TASK TO COMPLETE
For each record that follows, restate the text exactly and drop the pictures.

DATA FOR REVIEW
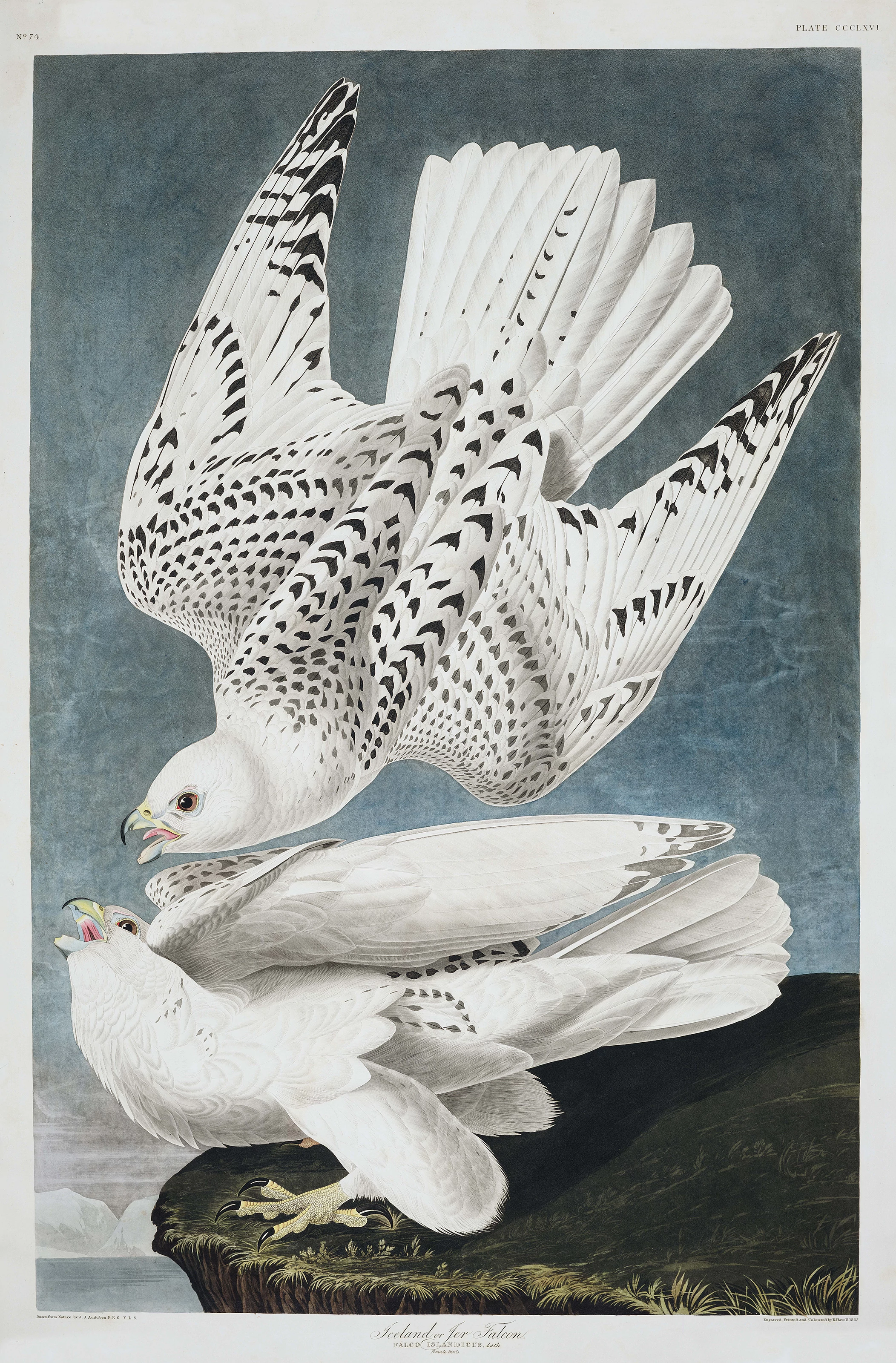 Iceland, or Jer Falcon, John James Audubon
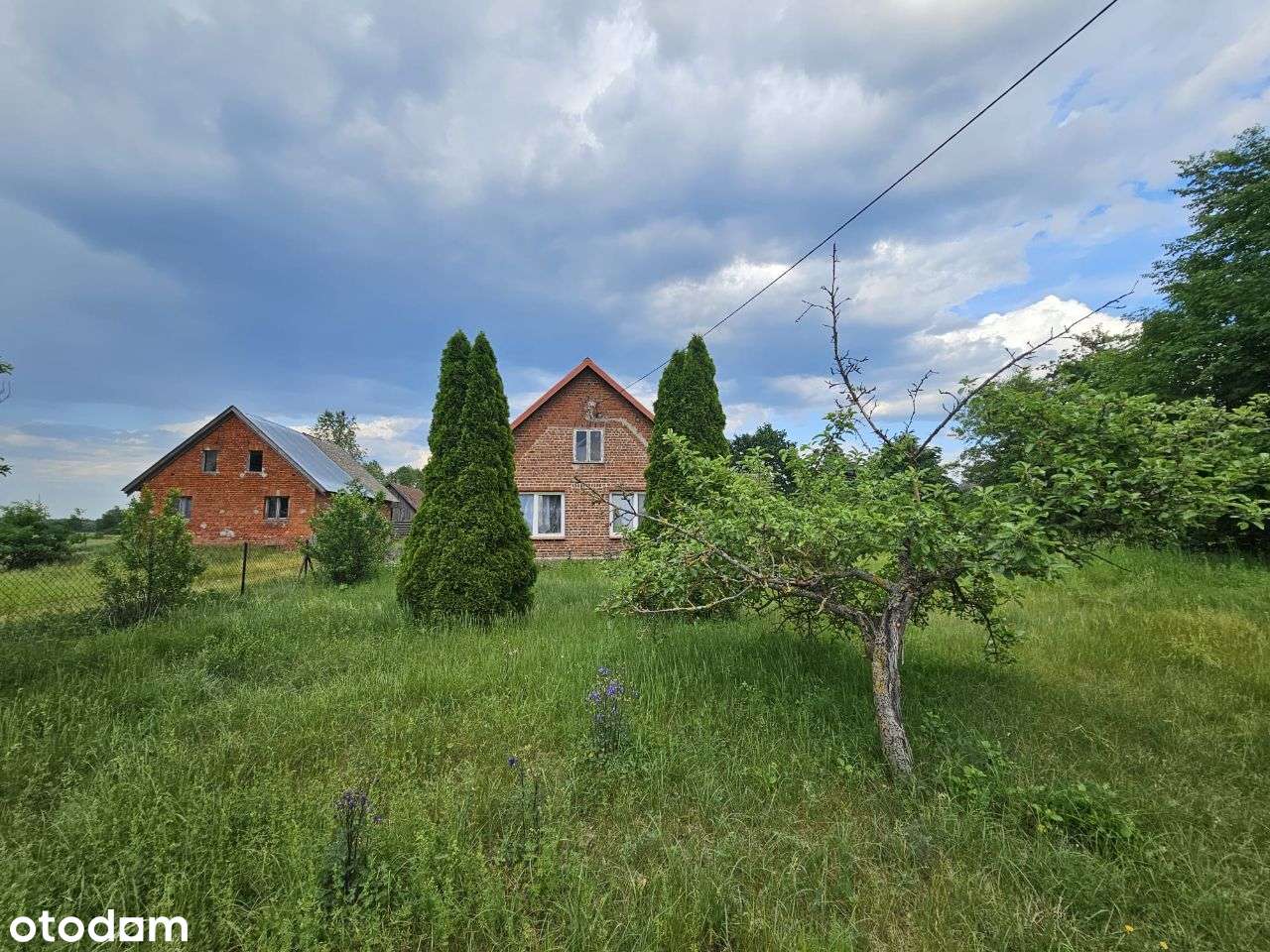 Dom na dużej działce, wraz z zabudowaniami-8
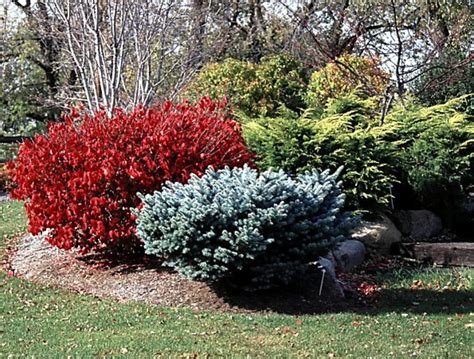 A shrub that is hardy in usda plant hardiness zones 4 to 8 can grow 15. When buying a burning bush, pay attention to size ...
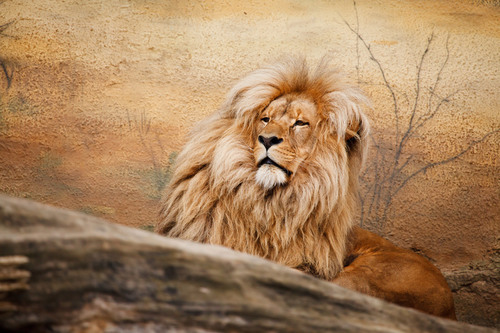 Male lion in natural environment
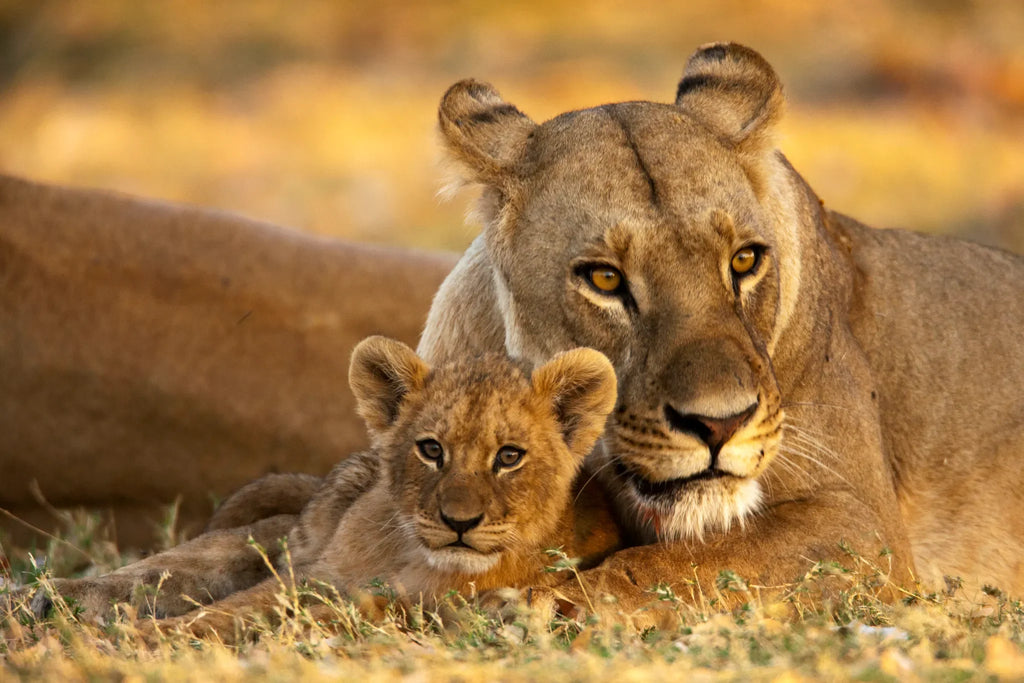 Mother and Cub near Selinda Camp at Selinda Camp, Selinda Reserve, Botswana.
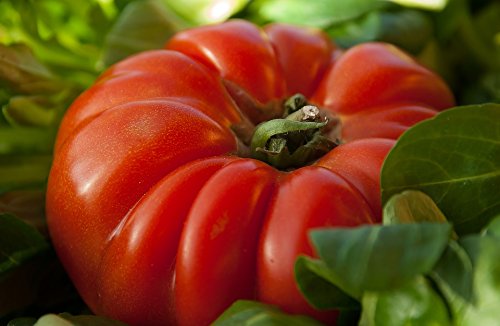 100 Beefsteak Tomato Seeds - Large Red Heirloom Variety for Home Garden, Greenhouse & Outdoor Planting | Perfect for Fresh Salads, Sauces & Canning
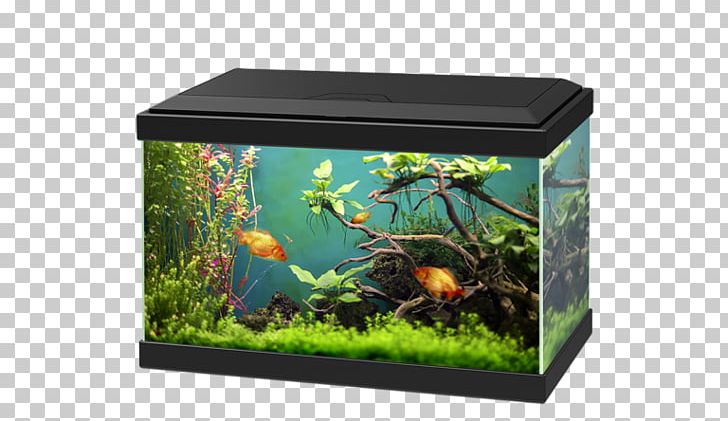 Aquariums Goldfish Fishkeeping Ciano Aqua PNG, Clipart, Aqua, Aqua Fish, Aquarium, Aquarium Decor, Aquarium Filters Free PNG Download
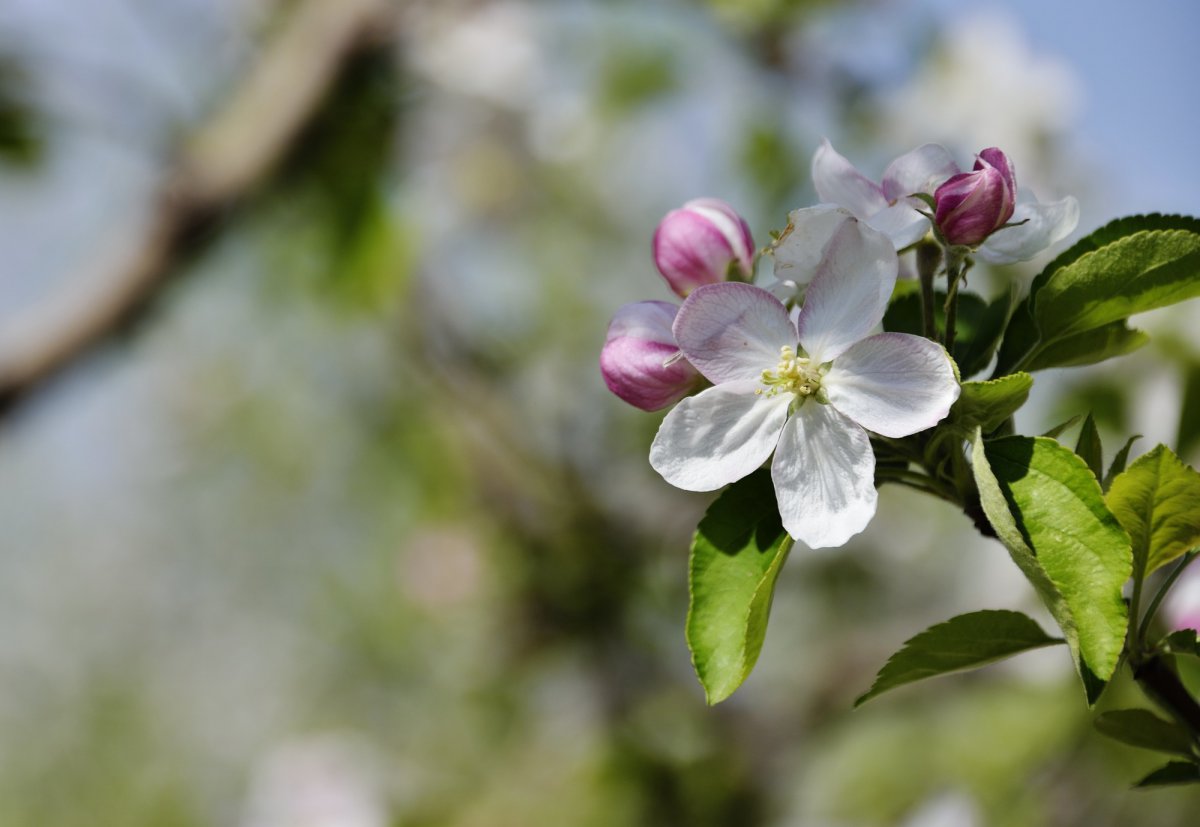 Apple blossom HD pictures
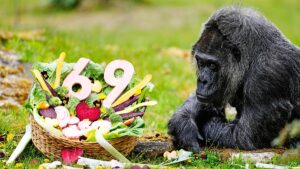 Video. Germany marks 69th birthday of zoo’s oldest gorilla
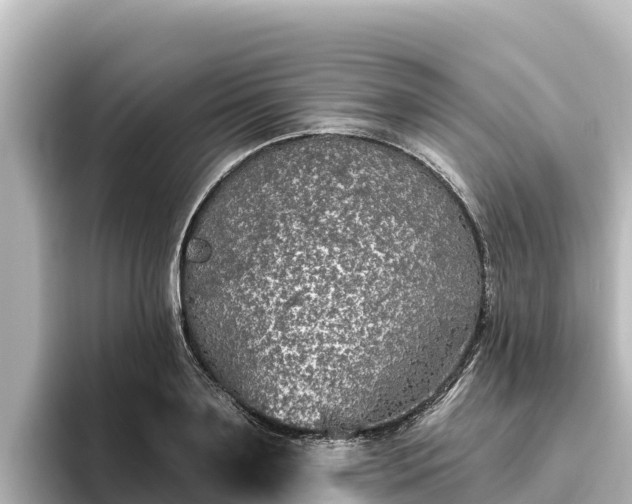 X0000096430891200801311430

OUTPUT BELOW
 Iceland, or Jer Falcon, John James Audubon
 Dom na dużej działce, wraz z zabudowaniami-8
 A shrub that is hardy in usda plant hardiness zones 4 to 8 can grow 15. When buying a burning bush, pay attention to size ...
 Male lion in natural environment
 Mother and Cub near Selinda Camp at Selinda Camp, Selinda Reserve, Botswana.
 100 Beefsteak Tomato Seeds - Large Red Heirloom Variety for Home Garden, Greenhouse & Outdoor Planting | Perfect for Fresh Salads, Sauces & Canning
 Aquariums Goldfish Fishkeeping Ciano Aqua PNG, Clipart, Aqua, Aqua Fish, Aquarium, Aquarium Decor, Aquarium Filters Free PNG Download
 Apple blossom HD pictures
 Video. Germany marks 69th birthday of zoo’s oldest gorilla
 X0000096430891200801311430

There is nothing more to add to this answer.